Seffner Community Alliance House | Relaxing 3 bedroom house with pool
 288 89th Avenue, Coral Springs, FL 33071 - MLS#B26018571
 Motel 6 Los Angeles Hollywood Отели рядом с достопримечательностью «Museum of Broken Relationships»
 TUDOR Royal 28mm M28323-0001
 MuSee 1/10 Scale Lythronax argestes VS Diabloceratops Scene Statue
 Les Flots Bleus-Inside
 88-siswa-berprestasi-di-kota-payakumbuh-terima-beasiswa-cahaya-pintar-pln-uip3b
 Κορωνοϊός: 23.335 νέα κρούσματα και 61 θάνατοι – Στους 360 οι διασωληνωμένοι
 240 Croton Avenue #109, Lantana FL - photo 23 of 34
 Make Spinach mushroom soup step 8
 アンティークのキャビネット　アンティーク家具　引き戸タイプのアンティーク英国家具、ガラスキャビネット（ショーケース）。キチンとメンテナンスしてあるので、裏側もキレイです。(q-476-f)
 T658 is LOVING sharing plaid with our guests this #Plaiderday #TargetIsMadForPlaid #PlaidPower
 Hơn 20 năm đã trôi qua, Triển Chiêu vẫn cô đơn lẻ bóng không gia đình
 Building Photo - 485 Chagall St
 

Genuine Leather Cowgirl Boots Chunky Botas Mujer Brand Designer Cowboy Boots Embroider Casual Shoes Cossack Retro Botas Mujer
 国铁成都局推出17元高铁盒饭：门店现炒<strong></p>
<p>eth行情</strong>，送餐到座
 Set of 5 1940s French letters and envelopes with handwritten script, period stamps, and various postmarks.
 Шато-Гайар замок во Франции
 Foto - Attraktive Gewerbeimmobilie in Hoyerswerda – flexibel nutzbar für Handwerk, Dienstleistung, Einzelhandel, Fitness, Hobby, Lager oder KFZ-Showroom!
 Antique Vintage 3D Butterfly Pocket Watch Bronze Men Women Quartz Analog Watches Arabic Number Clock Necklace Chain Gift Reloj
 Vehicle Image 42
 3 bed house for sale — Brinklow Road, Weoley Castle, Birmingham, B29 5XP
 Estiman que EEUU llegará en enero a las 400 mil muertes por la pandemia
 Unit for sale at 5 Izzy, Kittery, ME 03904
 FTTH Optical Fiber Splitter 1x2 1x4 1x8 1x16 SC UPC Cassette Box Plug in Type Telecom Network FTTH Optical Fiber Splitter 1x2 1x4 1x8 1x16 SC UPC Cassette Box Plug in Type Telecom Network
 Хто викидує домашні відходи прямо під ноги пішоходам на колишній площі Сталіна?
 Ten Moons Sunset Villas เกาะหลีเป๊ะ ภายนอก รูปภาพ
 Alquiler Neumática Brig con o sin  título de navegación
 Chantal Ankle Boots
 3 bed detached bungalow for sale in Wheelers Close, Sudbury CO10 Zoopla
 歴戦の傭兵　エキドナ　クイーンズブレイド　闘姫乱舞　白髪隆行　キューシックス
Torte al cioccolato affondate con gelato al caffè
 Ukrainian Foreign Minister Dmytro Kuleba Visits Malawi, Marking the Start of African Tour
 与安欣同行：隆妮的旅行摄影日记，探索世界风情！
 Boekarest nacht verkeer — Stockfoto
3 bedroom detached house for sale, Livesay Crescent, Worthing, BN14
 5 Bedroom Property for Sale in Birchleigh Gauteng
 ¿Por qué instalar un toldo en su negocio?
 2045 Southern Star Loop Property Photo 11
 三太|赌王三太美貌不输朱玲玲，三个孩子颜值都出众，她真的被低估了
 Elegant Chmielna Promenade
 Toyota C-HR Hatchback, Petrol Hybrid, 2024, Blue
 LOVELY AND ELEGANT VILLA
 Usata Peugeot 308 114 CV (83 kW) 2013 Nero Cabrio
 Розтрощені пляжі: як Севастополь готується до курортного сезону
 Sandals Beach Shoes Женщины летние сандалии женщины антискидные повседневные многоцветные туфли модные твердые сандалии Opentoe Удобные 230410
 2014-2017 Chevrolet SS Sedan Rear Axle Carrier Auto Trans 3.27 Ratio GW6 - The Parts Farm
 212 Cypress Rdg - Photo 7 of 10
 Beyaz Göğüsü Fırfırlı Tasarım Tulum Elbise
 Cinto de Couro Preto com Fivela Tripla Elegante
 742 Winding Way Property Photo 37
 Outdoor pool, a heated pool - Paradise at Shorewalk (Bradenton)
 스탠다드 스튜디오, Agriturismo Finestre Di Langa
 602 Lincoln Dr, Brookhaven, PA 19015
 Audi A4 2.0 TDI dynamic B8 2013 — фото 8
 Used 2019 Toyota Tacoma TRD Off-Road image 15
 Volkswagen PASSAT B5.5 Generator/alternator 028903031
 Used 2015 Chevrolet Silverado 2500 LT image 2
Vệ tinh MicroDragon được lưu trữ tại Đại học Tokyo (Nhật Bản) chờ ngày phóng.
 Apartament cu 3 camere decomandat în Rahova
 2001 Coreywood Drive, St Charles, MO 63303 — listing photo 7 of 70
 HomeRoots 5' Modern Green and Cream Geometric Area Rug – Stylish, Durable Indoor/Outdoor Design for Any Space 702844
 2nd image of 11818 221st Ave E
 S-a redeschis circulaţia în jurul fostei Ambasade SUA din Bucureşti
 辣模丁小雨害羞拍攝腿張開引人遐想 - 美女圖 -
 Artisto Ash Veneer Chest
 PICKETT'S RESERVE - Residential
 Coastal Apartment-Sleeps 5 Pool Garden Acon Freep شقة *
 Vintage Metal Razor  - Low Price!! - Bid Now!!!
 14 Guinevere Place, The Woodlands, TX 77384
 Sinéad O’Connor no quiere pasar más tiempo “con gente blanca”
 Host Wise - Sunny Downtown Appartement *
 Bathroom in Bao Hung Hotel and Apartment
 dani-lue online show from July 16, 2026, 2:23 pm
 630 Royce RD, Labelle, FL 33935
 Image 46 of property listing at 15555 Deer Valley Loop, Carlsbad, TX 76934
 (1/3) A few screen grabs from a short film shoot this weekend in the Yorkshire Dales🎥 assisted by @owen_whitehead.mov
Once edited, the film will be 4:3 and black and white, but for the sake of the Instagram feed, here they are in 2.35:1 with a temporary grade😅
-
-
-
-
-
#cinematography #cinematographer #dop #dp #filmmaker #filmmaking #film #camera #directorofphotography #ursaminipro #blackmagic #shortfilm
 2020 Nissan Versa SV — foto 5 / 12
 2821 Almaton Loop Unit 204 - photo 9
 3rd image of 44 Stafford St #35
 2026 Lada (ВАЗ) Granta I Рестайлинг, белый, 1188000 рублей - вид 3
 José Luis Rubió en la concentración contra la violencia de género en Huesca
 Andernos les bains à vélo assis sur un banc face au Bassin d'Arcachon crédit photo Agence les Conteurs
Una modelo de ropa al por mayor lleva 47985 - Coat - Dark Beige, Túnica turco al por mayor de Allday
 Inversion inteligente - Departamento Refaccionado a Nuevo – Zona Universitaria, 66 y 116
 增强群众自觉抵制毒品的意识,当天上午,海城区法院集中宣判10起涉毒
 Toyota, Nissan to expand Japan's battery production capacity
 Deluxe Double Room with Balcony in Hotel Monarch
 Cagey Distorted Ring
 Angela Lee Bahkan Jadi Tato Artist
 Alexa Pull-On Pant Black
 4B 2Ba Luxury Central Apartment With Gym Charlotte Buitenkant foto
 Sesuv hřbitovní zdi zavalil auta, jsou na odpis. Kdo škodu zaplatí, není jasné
....
### PROMPT
Start printing at the line with "Deluxe Double Room" and stop after the final line of the listing above, keeping every line exact.

### OUTPUT OF THE TASK
 Deluxe Double Room with Balcony in Hotel Monarch
 Cagey Distorted Ring
 Angela Lee Bahkan Jadi Tato Artist
 Alexa Pull-On Pant Black
 4B 2Ba Luxury Central Apartment With Gym Charlotte Buitenkant foto
 Sesuv hřbitovní zdi zavalil auta, jsou na odpis. Kdo škodu zaplatí, není jasné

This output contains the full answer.